1. On May 5, 2006, W.C. Perry Properties, L.P. (Perry Properties or the Partnership), by and through its general partner, W.C. Perry Brokerage Services Group, LLC (Perry Brokerage or the General Partner), issued a confidential Private Placement Memorandum (the Memorandum). [Debt- or’s Exhibit No. 2.]
2. On page 3 of the Memorandum, a history of Perry Properties is described:
Founded in 2000, Perry Properties is a private, real estate brokerage, development and consulting firm specializing in a variety of real estate services to investors, developers and institutional owners. In addition to third party brokerage activities, Perry Properties was created to focus on the sourcing, planning and development of real estate assets ranging from commercial office buildings to retail and single-family lot development through, among other things, its investment in and relationship with W.C. Perry Properties Realty Fund, L.P. Perry Properties currently has 9 full-time employees and five brokers that are independent contractors of the Partnership.
[Debtor s Exhibit No. 2.]
3.On page 1 of the Memorandum, the initial limited partners of Perry Properties were disclosed as follows:
Initial Initial Capital Ownership Name of Limited Partner Contribution Interest
1. Perry Brokerage $10.00 1.00%
2. Will Perry $336.60 33.66%
3. Costa Bajjali $327.70 32.67%
4. Whitney Leigh Wallace 1996 Sub-S Trust $163.35 16.335%
5. Jacquelyn Marie Wallace 1996 Sub-S Trust $163.35 16.335%
[Debtor’s Exhibit No. 2.]
4.Additionally, on page 1 of the Memorandum, the offering is described as follows:
The existing limited partners of the Partnership [i.e. Perry Properties] are listed below. In connection with this offering, the existing partners and the investors purchasing Class B Units in this offering will execute an Amended and Restated Limited Partnership Agreement of the Partnership, a copy of which is attached hereto marked “Exhibit A” (the “Partnership Agreement”). Pursuant to the terms of the Partnership Agreement, each of Will Perry, Costa Bajjali, Whitney Leigh Wallace 1996 Sub-S Trust and Jacqueline Marie Wallace 1996 Sub-S Trust (both of which trusts are affiliates of David Wallace) will become Class A Limited Partners holding Class A Units of limited partnership interest (“Class A Units”) having the ownership interests in the Partnership, assuming the sale of all Class B Units pursuant to this offering, as reflected in the second table below:
INITIAL CAPITAL CONTRIBUTION UNITS INITIAL OWNERSHIP INTEREST PARTNER Class A Limited Partners
0.90% 1. Perry Brokerage CO © o ©
30.294% 2. Will Perry J — 1 bo
*201 3. Costa Bajjali 326.70 117.6 29.403%
4. Whitney Leigh Wallace 1996 Snb-S Trust 163.35 58.8 14.701%
5. Jacqueline Marie Wallace 1996 Sub-S Trust 163.35 58.8 14.702%
Class B Limited Partners 1. New Investors $1,000,000 40.0 10.00%
TOTAL $1,001,000 400.0 100.00%
[Debtor’s Exhibit No. 2.]
5. On page 2, the Memorandum contains a description of what it means to be a Class B limited partner:
The Class B limited partners are the persons subscribing for Class B limited partnership interests in this offering (the “Class B Units”) as Class B limited partners of the Partnership (the “Class B Limited Partners”) and accepted by the General Partner. The rights, attributes, obligations and preferences of the Class B Units, along with the Class A Units, are fully set forth in the Partnership Agreement ...
Terms
The Partnership is seeking to raise one million dollars ($1,000,000) through the sale of Class B Units. The minimum purchase of a Class B Limited Partner will be 2 Class B Units or $50,000, although individual commitments of lesser amounts may be accepted at the discretion of the General Partner. Generally speaking, each Class B Unit should represent 0.25% of the Partnership as of the closing of this offering and should have the other preferences described herein and in the Partnership Agreement.

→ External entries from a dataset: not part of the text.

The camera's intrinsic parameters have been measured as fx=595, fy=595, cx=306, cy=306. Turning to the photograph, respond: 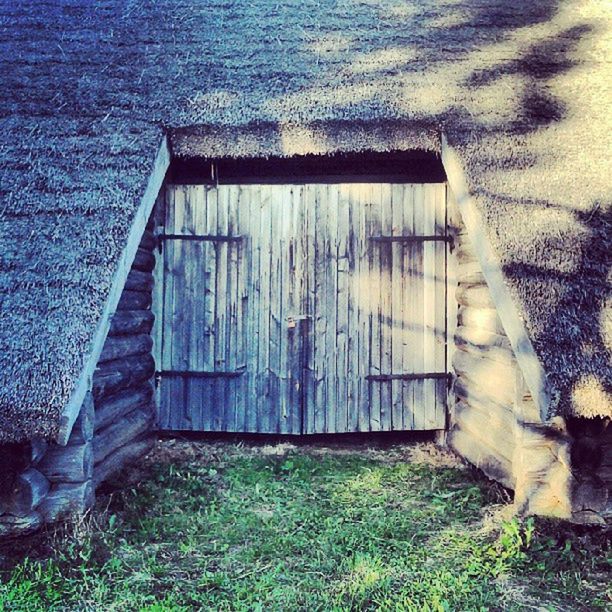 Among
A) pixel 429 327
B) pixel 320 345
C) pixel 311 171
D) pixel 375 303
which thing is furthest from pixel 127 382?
pixel 429 327

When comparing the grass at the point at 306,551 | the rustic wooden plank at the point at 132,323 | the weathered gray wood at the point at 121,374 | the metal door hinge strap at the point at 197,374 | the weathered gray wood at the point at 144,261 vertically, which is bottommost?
the grass at the point at 306,551

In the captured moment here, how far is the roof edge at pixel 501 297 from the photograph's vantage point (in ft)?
10.7

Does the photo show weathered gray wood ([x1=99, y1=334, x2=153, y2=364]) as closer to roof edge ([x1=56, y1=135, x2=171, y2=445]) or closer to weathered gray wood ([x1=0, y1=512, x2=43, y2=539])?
roof edge ([x1=56, y1=135, x2=171, y2=445])

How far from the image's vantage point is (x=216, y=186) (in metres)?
5.34

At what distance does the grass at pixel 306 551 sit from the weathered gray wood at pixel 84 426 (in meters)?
0.47

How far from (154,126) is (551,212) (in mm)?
2855

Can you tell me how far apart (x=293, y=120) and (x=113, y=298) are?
1954mm

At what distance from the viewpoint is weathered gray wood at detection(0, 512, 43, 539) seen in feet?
11.1

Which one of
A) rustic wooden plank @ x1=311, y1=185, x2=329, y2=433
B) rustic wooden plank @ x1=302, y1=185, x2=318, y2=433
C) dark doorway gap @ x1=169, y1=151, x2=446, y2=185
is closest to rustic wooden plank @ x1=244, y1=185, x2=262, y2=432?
dark doorway gap @ x1=169, y1=151, x2=446, y2=185

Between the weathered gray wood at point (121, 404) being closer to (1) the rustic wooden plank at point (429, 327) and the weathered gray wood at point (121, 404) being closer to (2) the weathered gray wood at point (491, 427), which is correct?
(1) the rustic wooden plank at point (429, 327)

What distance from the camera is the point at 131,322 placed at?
475cm

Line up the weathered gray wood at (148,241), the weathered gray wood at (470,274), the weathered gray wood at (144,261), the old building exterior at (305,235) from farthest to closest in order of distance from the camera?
the weathered gray wood at (148,241) < the weathered gray wood at (144,261) < the weathered gray wood at (470,274) < the old building exterior at (305,235)

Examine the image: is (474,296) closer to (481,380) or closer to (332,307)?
(481,380)

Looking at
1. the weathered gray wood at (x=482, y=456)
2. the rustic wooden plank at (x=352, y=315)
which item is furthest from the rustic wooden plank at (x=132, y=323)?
the weathered gray wood at (x=482, y=456)
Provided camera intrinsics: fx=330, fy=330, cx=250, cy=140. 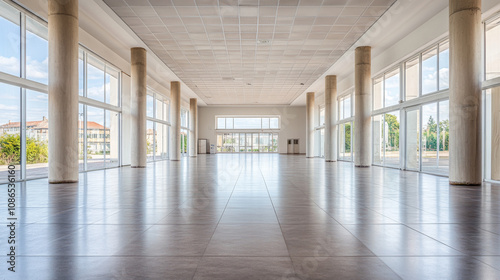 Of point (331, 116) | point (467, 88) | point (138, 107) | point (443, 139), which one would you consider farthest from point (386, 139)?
point (138, 107)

The intended use of the proceeds from this offering is for general Partnership operations, certain debt repayments and working capital. The Class B Units will accrue a preferred return of 8% per annum, which shall be payable by the Partnership monthly, provided that if at any time there is insufficient available cash to pay such preferred return, it shall accrue and be payable immediately upon cash being available to pay all or any portion of such accrued and unpaid amounts.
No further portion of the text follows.